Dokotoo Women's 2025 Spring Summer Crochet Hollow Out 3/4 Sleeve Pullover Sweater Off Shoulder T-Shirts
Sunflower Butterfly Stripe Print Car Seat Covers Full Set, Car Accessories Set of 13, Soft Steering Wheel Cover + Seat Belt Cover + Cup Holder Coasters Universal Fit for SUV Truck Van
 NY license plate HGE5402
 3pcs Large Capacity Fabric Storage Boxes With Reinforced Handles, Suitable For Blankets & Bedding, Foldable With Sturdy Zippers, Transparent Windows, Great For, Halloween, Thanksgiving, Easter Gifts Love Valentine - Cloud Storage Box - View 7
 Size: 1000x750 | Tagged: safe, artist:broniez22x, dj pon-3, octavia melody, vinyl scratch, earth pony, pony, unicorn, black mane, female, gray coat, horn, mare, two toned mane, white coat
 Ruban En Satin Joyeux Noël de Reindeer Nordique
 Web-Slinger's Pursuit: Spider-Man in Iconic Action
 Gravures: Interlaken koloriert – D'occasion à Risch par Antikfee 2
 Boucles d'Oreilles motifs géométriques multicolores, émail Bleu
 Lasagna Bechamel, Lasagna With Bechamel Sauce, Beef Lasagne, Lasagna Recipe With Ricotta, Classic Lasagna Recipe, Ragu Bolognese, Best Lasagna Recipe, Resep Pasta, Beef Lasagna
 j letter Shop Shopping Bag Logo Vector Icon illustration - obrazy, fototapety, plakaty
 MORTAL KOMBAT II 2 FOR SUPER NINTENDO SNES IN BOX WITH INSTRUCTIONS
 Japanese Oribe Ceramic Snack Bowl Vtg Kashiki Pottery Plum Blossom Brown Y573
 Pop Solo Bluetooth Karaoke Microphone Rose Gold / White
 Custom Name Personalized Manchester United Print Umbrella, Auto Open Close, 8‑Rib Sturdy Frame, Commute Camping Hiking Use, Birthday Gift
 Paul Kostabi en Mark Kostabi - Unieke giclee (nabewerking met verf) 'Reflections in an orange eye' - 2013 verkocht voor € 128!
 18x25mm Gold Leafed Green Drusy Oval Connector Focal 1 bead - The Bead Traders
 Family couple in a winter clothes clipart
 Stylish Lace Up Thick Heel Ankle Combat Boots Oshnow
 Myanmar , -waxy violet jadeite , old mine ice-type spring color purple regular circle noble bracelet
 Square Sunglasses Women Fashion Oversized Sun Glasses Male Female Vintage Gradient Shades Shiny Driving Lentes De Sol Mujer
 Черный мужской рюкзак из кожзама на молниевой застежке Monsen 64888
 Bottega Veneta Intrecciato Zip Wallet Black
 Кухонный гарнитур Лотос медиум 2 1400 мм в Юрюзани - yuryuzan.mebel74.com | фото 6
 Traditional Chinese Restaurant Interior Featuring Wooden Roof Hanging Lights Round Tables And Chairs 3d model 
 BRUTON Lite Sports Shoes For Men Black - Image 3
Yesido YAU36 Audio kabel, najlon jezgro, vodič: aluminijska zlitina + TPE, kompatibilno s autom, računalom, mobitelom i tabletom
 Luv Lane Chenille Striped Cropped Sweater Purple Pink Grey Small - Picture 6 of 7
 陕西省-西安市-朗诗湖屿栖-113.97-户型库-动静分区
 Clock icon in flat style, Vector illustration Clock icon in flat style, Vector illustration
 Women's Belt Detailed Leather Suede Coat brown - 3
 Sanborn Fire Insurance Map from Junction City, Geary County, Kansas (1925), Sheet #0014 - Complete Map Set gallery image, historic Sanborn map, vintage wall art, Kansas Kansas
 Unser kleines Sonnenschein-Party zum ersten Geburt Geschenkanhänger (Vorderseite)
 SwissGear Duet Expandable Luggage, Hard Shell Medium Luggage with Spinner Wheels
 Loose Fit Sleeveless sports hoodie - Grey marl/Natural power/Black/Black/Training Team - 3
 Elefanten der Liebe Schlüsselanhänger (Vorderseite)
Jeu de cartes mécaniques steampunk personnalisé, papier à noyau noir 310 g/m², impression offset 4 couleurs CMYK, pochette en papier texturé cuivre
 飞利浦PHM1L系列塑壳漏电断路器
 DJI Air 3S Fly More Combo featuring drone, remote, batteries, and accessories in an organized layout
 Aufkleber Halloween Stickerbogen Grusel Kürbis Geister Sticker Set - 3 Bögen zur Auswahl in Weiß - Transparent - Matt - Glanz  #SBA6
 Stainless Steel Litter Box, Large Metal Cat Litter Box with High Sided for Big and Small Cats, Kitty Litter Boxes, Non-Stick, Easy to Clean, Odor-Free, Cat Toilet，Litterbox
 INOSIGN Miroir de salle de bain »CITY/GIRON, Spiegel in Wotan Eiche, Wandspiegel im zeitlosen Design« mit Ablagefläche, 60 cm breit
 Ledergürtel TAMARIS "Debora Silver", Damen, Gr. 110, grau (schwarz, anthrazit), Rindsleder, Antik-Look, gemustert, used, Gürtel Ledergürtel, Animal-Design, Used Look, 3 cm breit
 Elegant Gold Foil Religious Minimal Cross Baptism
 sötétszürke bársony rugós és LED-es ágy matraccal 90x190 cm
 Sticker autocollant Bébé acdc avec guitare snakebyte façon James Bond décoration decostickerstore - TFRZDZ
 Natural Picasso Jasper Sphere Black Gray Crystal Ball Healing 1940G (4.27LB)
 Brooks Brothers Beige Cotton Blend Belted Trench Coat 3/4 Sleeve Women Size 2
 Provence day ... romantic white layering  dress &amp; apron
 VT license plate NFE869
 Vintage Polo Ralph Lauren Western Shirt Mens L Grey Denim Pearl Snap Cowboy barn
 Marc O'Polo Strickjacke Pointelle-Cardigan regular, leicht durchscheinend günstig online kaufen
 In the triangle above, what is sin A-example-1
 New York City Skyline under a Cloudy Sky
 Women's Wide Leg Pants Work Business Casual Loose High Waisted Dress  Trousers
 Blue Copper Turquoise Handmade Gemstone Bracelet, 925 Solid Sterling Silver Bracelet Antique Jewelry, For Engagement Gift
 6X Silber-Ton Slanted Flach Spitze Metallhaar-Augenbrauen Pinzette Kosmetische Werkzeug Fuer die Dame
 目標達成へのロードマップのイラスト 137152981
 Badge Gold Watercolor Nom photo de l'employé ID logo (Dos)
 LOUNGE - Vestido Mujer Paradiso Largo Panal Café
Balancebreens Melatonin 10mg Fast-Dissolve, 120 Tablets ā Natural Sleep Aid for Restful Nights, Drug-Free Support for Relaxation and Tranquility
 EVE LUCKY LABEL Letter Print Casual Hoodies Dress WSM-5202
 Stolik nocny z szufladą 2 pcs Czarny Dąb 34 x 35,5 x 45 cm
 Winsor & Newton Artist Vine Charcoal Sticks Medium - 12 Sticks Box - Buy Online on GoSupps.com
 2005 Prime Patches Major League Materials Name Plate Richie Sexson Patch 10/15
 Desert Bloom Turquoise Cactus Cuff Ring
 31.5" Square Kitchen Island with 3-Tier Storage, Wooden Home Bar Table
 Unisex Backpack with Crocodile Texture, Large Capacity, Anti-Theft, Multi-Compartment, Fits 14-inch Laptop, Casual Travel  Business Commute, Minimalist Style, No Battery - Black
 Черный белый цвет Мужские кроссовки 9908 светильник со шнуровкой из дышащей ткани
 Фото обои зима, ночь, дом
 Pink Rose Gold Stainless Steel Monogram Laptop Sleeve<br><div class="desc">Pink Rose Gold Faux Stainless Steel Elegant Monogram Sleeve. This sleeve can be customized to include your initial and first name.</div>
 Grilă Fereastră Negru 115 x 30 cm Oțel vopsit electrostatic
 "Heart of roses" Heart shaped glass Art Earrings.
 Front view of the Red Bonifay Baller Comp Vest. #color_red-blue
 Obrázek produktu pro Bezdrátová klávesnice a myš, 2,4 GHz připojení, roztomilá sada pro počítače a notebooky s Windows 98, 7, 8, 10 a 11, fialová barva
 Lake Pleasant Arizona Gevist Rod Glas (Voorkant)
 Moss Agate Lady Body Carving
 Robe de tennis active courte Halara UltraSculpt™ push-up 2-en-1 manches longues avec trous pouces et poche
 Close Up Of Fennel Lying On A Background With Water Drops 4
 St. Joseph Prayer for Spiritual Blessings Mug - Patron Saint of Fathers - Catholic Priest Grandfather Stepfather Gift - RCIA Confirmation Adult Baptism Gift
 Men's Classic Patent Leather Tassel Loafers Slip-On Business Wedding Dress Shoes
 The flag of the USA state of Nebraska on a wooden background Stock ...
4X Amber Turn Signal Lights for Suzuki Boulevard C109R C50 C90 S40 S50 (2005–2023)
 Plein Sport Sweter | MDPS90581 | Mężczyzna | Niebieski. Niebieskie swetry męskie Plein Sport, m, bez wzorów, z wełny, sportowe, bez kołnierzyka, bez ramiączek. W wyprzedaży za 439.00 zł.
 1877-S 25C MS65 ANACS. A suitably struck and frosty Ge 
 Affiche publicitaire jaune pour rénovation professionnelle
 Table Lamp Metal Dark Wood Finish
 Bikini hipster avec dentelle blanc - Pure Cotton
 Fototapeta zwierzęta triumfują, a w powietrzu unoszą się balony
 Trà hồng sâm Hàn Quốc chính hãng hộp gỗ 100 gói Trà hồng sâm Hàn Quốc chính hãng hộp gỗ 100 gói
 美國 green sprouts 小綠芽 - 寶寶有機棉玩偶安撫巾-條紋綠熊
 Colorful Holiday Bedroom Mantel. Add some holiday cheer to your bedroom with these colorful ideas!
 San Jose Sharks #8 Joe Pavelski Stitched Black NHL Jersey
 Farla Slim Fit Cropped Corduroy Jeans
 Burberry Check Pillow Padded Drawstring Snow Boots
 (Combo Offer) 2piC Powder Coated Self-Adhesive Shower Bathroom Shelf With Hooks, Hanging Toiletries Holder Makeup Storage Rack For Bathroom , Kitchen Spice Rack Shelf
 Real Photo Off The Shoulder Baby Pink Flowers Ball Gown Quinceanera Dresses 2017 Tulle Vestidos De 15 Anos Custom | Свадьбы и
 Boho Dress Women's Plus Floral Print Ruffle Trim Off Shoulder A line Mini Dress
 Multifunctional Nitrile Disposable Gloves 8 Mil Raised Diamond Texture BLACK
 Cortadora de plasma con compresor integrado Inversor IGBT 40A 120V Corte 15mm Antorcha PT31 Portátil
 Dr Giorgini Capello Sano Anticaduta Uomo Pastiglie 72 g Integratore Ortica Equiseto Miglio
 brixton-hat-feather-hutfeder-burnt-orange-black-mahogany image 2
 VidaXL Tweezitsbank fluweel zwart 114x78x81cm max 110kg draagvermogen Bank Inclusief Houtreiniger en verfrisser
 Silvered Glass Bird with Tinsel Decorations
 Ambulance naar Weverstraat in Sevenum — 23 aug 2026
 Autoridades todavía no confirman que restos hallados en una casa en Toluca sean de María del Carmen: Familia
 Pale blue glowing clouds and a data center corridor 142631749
-.-.-
Your answer should consist solely of the lines above from the line with "Multifunctional Nitrile Disposable" to the line with "Cortadora de plasma", both included, reproduced exactly.

 Multifunctional Nitrile Disposable Gloves 8 Mil Raised Diamond Texture BLACK
 Cortadora de plasma con compresor integrado Inversor IGBT 40A 120V Corte 15mm Antorcha PT31 Portátil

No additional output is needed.